▸ Exercise aim
Find the line that contains "tiến triển lở loét gót chân sau 1 ngày" in the records below, then repeat exactly that line and each one after it, leaving pictures out.

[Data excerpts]

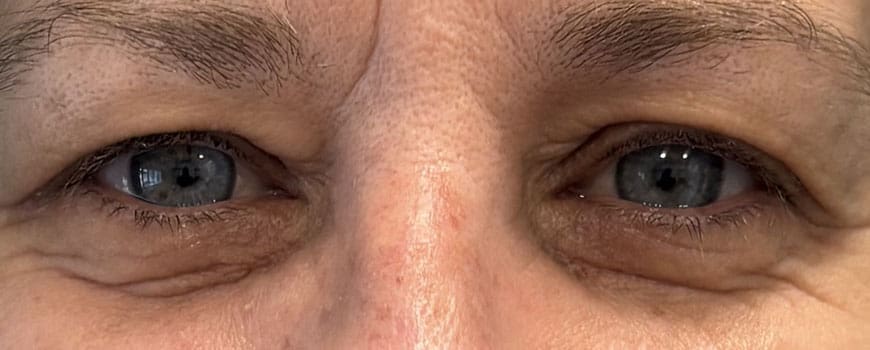 A close up of a patients eyes before blepharoplasty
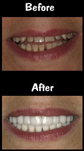 Full Mouth Reconstruction - 28 Porcelain Veneers & Crowns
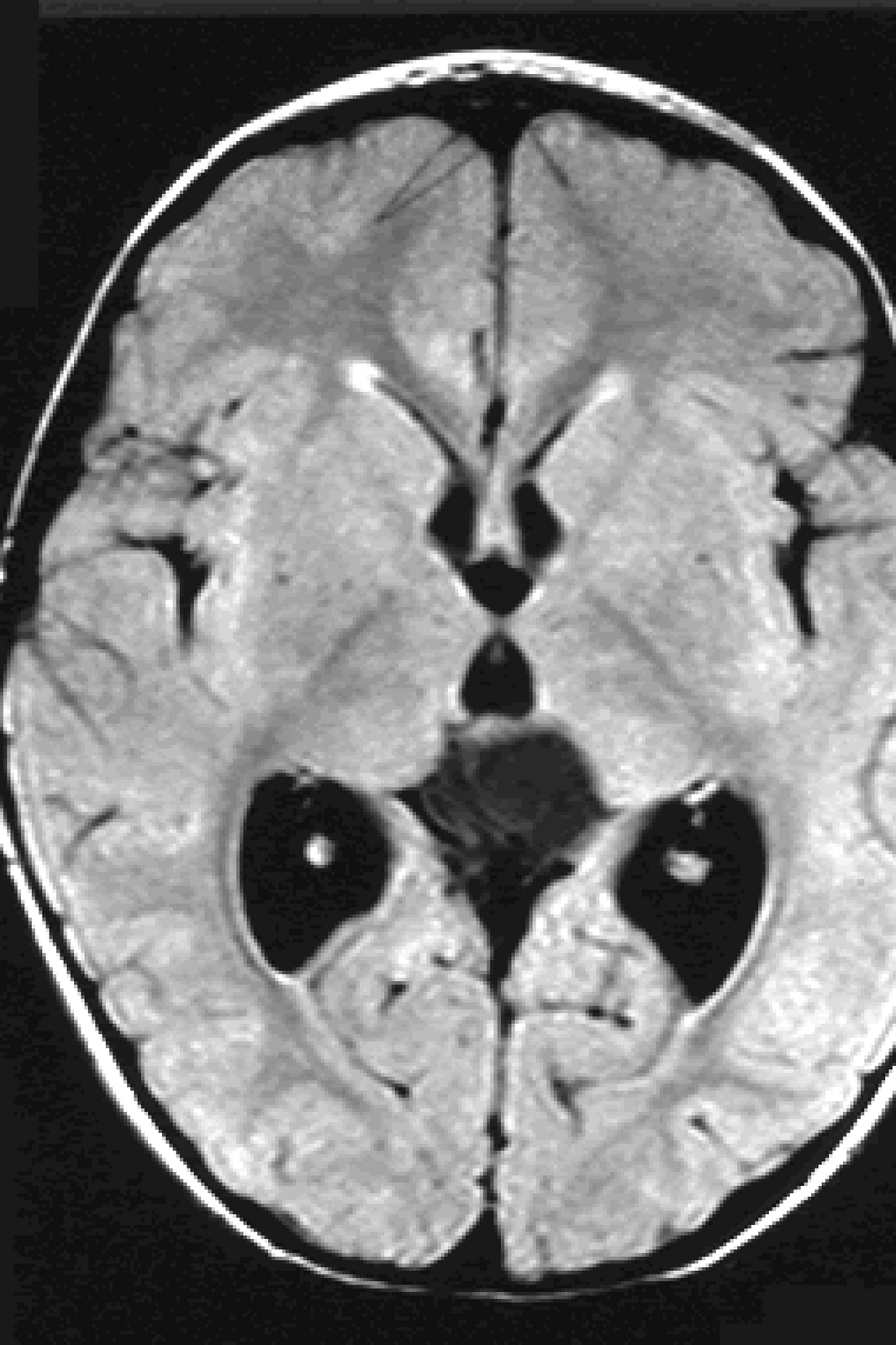 Normal+brain+ct+scan+images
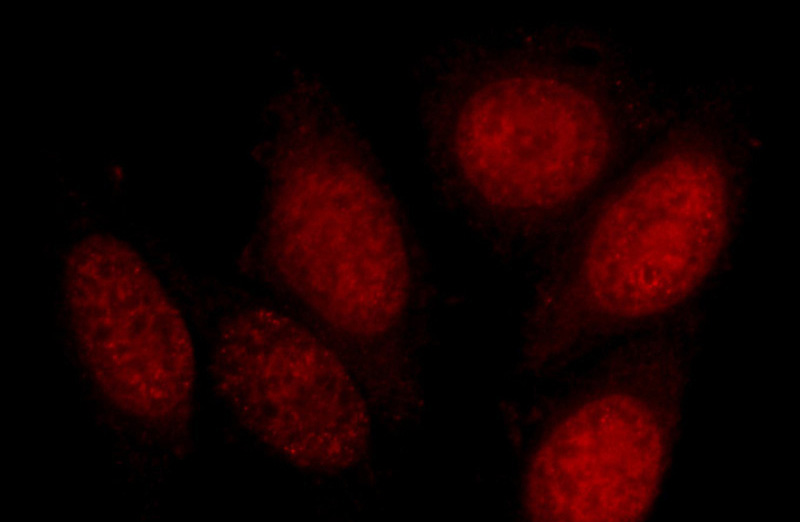 Immunofluorescent analysis of HepG2 cells using Catalog No:109966(DNMT1 Antibody) at dilution of 1:25 and Rhodamine-Goat anti-Rabbit IgG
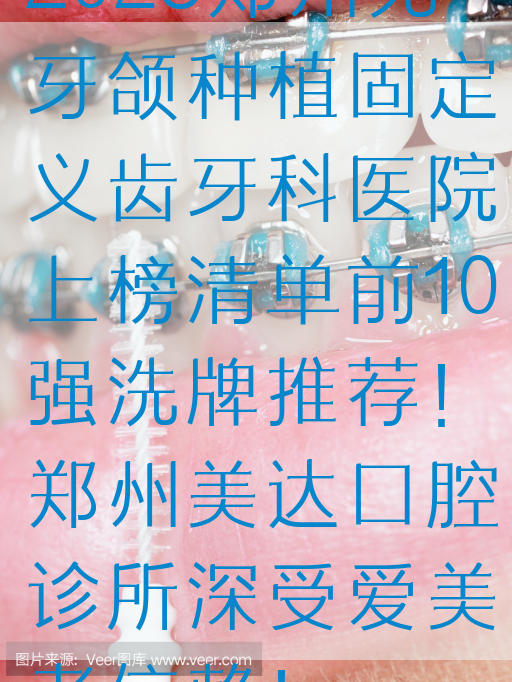 2025郑州无牙颌种植固定义齿牙科医院上榜清单前10强洗牌推荐！郑州美达口腔诊所深受爱美者信赖！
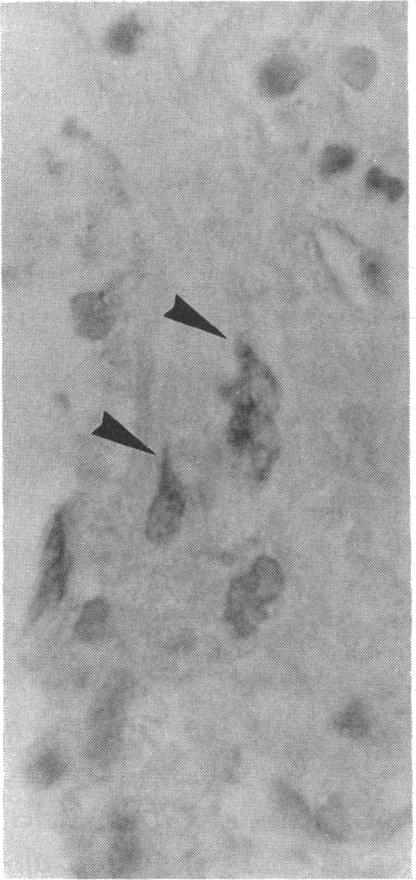 https://cdn.ncbi.nlm.nih.gov/pmc/blobs/41c8/303492/03938d9b05e4/jcinvest00079-0188-c.jpg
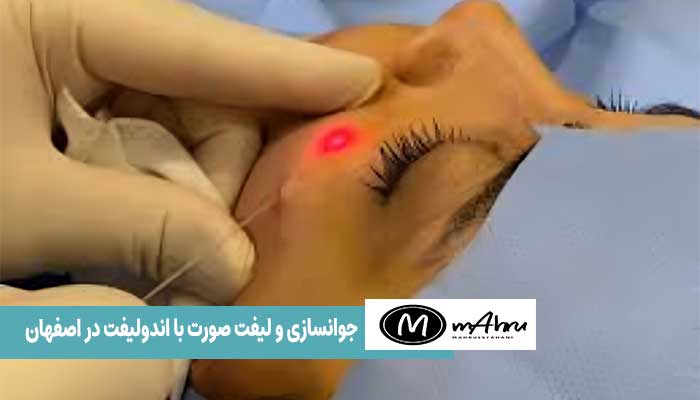 خدمات جوانسازی با اندولیفت در اصفهان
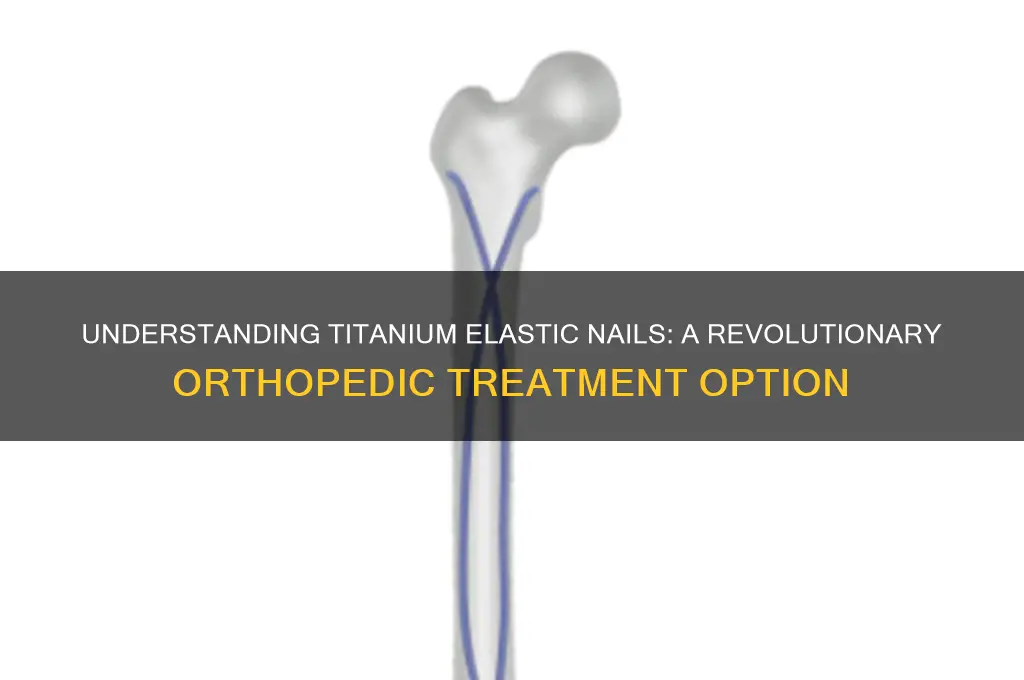 what is titanium elastic nail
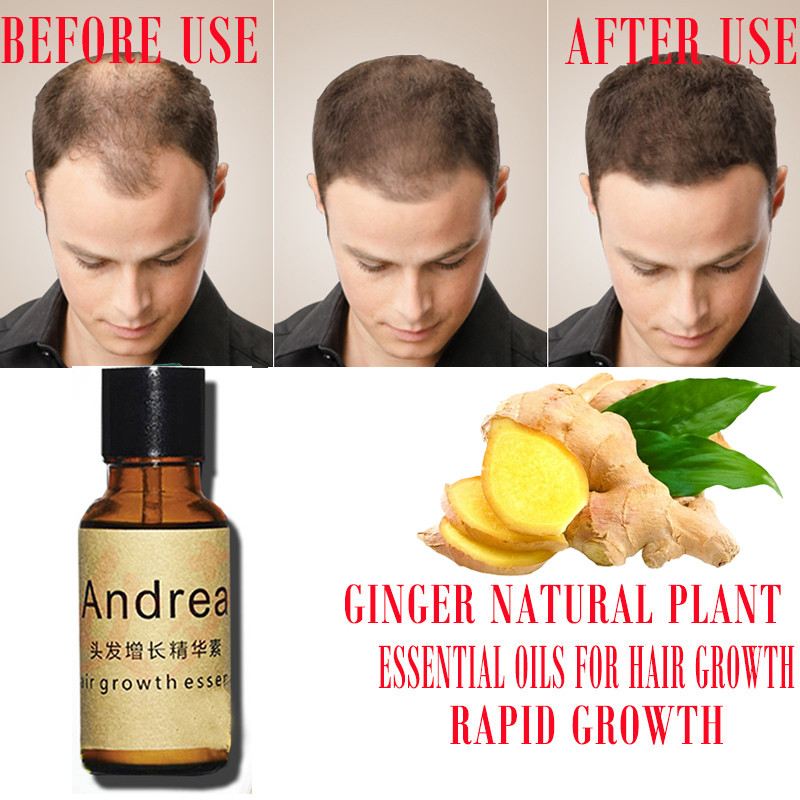 2/5/10Pcs Andrea Hair Growth S - Hair Care Fragrance Essential Oil 评论和价格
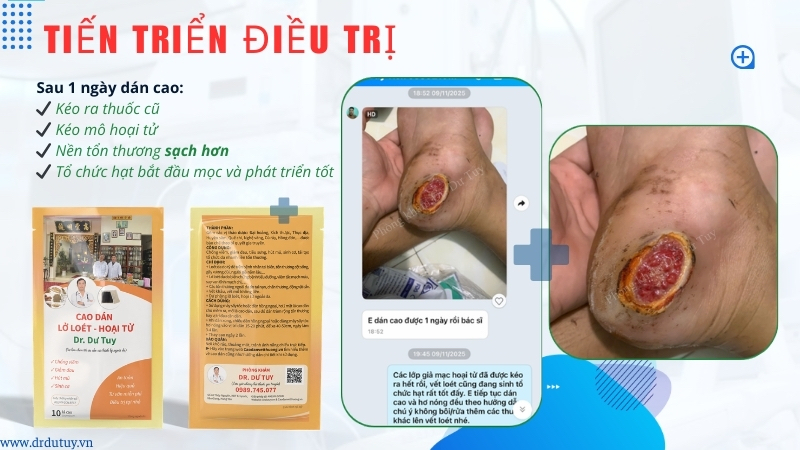 tiến triển lở loét gót chân sau 1 ngày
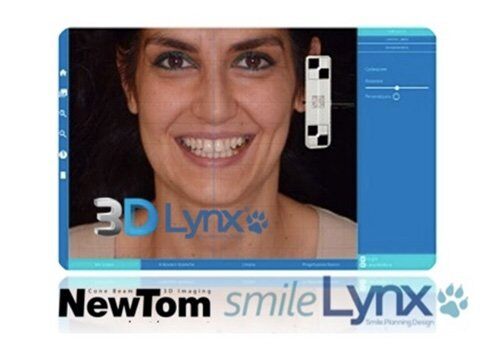 smile-lynx.jpg__700x510_q85_subsampling-2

▸ Exercise solution
 tiến triển lở loét gót chân sau 1 ngày
 smile-lynx.jpg__700x510_q85_subsampling-2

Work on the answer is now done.